(Dataset entries)
----
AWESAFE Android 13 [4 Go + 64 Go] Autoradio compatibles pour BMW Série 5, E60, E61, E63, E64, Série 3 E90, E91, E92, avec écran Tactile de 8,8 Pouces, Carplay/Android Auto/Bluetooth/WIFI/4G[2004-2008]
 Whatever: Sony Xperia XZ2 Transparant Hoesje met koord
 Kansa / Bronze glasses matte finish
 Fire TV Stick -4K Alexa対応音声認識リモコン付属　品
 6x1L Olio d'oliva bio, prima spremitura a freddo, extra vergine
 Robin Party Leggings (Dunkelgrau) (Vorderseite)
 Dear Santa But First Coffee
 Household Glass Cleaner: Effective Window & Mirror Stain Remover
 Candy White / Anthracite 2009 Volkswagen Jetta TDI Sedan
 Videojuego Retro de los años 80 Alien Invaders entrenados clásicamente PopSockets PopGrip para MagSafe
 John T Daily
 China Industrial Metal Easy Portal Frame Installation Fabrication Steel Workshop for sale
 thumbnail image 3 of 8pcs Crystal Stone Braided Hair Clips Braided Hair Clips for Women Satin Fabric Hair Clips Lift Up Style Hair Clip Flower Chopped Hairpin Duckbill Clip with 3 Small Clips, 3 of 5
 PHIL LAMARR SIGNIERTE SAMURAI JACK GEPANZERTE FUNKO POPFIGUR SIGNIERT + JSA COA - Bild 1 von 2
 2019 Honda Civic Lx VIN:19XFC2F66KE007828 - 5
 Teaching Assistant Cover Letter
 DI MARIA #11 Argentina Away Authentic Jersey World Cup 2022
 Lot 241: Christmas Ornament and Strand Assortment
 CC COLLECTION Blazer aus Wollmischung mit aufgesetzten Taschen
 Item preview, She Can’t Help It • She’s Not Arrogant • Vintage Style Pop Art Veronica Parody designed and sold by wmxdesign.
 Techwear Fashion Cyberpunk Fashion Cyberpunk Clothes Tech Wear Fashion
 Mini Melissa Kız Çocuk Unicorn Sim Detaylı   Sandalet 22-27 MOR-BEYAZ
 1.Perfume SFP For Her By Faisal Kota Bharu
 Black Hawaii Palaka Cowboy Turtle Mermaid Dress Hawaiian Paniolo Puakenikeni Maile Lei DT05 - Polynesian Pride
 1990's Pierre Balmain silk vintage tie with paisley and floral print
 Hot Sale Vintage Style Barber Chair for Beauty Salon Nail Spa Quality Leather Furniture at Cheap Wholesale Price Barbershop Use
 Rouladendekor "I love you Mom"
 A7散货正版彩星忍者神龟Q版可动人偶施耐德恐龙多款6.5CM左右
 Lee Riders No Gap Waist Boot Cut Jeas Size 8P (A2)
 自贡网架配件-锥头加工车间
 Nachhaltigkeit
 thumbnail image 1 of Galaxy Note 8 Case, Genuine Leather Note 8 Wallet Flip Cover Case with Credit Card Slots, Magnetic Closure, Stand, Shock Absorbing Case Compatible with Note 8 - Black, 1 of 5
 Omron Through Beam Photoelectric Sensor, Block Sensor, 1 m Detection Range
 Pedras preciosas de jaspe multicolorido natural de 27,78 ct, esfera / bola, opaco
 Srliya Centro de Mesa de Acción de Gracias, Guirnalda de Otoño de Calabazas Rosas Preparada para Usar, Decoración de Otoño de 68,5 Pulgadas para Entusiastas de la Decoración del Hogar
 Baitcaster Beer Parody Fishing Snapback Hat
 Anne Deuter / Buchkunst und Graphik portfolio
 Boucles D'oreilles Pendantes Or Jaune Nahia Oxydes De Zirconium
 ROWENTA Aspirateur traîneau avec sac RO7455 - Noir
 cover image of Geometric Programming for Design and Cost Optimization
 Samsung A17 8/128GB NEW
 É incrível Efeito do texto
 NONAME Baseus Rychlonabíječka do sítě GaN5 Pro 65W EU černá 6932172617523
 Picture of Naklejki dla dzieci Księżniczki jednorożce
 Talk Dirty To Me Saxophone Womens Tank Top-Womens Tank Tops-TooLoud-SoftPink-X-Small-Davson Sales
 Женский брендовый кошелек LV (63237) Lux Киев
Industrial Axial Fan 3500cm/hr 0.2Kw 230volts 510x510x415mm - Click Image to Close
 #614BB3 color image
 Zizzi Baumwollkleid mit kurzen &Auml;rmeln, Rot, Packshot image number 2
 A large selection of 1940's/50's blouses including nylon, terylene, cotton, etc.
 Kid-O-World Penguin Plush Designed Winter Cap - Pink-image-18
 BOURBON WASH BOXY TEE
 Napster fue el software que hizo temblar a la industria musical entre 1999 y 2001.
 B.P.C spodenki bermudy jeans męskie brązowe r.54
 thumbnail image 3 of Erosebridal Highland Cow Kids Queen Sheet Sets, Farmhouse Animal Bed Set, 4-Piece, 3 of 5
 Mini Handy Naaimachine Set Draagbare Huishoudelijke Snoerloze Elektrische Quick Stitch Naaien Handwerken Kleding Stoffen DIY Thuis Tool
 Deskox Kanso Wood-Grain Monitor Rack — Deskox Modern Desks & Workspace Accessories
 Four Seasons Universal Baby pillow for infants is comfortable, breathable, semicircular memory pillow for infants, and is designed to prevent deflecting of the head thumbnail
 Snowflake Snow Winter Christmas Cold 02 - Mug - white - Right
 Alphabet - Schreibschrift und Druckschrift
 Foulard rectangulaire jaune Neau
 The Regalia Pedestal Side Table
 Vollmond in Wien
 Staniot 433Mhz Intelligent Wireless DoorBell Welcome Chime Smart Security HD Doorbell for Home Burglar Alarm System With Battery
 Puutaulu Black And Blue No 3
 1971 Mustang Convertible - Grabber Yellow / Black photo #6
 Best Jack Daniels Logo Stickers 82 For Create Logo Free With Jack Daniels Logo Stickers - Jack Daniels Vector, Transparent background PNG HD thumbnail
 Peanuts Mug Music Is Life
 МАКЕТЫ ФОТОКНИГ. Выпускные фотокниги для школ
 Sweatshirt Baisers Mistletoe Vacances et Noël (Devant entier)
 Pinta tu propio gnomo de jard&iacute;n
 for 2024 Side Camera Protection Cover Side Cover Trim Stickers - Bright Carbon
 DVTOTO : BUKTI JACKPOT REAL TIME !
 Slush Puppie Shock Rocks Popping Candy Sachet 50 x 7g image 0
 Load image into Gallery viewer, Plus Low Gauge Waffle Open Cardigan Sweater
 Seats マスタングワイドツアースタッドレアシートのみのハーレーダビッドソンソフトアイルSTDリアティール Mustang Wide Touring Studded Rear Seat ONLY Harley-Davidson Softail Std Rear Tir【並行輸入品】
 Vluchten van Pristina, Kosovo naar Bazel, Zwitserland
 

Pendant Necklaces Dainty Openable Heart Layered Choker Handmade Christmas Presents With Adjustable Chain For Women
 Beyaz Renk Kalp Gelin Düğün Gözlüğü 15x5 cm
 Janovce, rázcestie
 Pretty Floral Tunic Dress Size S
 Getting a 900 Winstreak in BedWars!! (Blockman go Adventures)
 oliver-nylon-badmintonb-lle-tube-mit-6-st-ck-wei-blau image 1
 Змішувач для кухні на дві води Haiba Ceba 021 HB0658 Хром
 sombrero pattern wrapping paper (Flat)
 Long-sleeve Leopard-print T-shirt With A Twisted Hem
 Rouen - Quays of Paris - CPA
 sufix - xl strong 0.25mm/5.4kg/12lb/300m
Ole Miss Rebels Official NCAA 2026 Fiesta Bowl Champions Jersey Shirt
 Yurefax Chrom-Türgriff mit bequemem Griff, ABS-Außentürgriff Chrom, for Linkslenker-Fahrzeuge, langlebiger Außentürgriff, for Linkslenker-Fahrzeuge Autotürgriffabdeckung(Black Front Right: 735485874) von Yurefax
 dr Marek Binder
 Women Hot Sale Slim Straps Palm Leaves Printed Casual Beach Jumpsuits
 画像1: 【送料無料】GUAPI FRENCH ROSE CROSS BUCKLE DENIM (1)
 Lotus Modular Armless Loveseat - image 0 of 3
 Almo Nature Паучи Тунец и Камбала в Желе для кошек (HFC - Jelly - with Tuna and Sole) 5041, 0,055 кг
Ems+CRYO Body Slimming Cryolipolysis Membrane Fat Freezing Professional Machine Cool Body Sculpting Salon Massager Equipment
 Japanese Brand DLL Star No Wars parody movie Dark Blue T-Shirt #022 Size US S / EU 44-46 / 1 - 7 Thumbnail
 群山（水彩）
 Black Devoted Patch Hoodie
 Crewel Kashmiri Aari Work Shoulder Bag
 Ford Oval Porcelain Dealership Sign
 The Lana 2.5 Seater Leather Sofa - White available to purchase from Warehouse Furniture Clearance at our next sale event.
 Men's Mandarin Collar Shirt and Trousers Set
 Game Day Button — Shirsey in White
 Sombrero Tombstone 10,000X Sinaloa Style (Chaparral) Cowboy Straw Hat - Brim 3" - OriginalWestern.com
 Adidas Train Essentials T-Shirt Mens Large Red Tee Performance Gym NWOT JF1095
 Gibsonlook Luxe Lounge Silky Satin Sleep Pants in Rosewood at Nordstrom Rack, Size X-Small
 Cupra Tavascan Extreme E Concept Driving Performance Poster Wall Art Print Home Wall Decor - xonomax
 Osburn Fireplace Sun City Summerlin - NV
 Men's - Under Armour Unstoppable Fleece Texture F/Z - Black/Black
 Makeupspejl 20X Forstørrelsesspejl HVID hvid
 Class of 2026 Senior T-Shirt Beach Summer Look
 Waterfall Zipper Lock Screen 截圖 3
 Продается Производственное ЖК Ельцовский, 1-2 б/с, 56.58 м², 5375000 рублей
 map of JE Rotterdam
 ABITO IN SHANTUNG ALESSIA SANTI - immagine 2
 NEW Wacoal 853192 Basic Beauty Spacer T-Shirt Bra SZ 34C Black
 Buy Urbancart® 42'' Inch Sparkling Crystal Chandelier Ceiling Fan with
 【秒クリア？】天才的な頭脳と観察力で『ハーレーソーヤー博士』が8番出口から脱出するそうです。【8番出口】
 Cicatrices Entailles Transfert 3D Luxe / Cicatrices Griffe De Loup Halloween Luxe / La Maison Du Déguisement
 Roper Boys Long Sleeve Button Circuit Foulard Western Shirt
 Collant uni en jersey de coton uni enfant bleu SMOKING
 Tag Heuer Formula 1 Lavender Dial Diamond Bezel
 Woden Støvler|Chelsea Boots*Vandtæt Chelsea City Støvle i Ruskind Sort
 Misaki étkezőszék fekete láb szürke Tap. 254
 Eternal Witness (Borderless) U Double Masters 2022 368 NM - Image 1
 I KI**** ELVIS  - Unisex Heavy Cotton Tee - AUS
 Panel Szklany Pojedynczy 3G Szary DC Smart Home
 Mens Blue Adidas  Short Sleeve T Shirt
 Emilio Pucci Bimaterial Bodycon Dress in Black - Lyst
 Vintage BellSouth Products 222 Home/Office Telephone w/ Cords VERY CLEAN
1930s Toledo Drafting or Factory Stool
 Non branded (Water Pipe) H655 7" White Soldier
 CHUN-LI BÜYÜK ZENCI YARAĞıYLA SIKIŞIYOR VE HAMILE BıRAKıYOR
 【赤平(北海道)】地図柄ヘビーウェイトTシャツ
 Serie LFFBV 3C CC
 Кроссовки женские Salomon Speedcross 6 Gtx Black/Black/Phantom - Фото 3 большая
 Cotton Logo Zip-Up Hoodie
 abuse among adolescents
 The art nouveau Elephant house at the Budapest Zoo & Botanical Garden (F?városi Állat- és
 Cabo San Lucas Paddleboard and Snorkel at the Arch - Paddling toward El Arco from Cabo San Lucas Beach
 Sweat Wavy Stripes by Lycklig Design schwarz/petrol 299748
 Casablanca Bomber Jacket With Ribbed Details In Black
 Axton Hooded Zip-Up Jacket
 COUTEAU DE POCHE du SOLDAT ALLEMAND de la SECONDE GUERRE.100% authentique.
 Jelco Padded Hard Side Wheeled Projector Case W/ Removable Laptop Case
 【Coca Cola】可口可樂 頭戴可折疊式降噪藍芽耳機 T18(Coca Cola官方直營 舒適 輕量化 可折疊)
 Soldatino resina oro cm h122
----
* **WHAT IS EXPECTED**:
From the data above, output exactly the lines between the one containing "Men's - Under" and the one containing "Кроссовки женские Salomon", counting both of them.

* **OUTPUT OF THE TASK**:
 Men's - Under Armour Unstoppable Fleece Texture F/Z - Black/Black
 Makeupspejl 20X Forstørrelsesspejl HVID hvid
 Class of 2026 Senior T-Shirt Beach Summer Look
 Waterfall Zipper Lock Screen 截圖 3
 Продается Производственное ЖК Ельцовский, 1-2 б/с, 56.58 м², 5375000 рублей
 map of JE Rotterdam
 ABITO IN SHANTUNG ALESSIA SANTI - immagine 2
 NEW Wacoal 853192 Basic Beauty Spacer T-Shirt Bra SZ 34C Black
 Buy Urbancart® 42'' Inch Sparkling Crystal Chandelier Ceiling Fan with
 【秒クリア？】天才的な頭脳と観察力で『ハーレーソーヤー博士』が8番出口から脱出するそうです。【8番出口】
 Cicatrices Entailles Transfert 3D Luxe / Cicatrices Griffe De Loup Halloween Luxe / La Maison Du Déguisement
 Roper Boys Long Sleeve Button Circuit Foulard Western Shirt
 Collant uni en jersey de coton uni enfant bleu SMOKING
 Tag Heuer Formula 1 Lavender Dial Diamond Bezel
 Woden Støvler|Chelsea Boots*Vandtæt Chelsea City Støvle i Ruskind Sort
 Misaki étkezőszék fekete láb szürke Tap. 254
 Eternal Witness (Borderless) U Double Masters 2022 368 NM - Image 1
 I KI**** ELVIS  - Unisex Heavy Cotton Tee - AUS
 Panel Szklany Pojedynczy 3G Szary DC Smart Home
 Mens Blue Adidas  Short Sleeve T Shirt
 Emilio Pucci Bimaterial Bodycon Dress in Black - Lyst
 Vintage BellSouth Products 222 Home/Office Telephone w/ Cords VERY CLEAN
1930s Toledo Drafting or Factory Stool
 Non branded (Water Pipe) H655 7" White Soldier
 CHUN-LI BÜYÜK ZENCI YARAĞıYLA SIKIŞIYOR VE HAMILE BıRAKıYOR
 【赤平(北海道)】地図柄ヘビーウェイトTシャツ
 Serie LFFBV 3C CC
 Кроссовки женские Salomon Speedcross 6 Gtx Black/Black/Phantom - Фото 3 большая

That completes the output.